This repo is forked from RWKV-LM
Test implement of RWKV v6 State-tuning with 4-bit quantization
if quant is disabled, it operates in bf16 training mode.
- Fixed Orpo algorithm.(about prob and mask)
- Stream model loading
- Optimized VRAM Management on Orpo Training mode
- Now, can train L61D4096 14B Orpo in ctx1024 @RTX4090!

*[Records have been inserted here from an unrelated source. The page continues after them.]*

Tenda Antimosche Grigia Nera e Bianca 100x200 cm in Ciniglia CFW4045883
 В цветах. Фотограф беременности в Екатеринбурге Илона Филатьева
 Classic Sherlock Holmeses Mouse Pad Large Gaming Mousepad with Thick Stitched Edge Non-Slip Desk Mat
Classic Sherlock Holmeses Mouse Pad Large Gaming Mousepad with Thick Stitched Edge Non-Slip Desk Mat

Model | n_layer | dimention | VRAM ctx1024 |
---|---|---|---|
RWKV x060-14B | 61 | 4096 | 16.8 GB |
RWKV x060-7B | 32 | 4096 | 11.6 GB |
RWKV x060-3B | 32 | 2560 | 7.7 GB |
RWKV x060-2B | 32 | 2048 | 7.0 GB |
- Implemented Odds Ratio Preference Optimization(Orpo)
- Orpo adds a penalty based on odds ratio to the usual loss method to tell apart preferred and less preferred response styles.
- Refined Algorithm from RWKV-LM-LISA's Orpo
- If you prepare datasets for Chosen and Negative, you can train intensely to provide desirable answers to questions.
- Support gradient checkpointing. Compared to the old implementation of RWKV-LM-LISA's Orpo, it can reduce VRAM usage by up to 60%.
- DPO Dataset Compatible
I have quantized the main weights of RWKV to 4 bits using Bitsandbytes and enabled State-Tuning.
Additionally, I have configured the output checkpoint to only output time-state.
Quantizing to 4 bits can reduce VRAM usage by about 40%.
Ex. L61D4096 x060 14B can train on 24GB GPU!(15.3GB Use)
-
- Freeze Main Weight
-
- Quantize main weights 4bit via Bitsandbytes
-
- train
-
- output time_state only
- Prepare Orpo Dataset
- now only support UTF-8 CSV(keys 'prompt','chosen','reject')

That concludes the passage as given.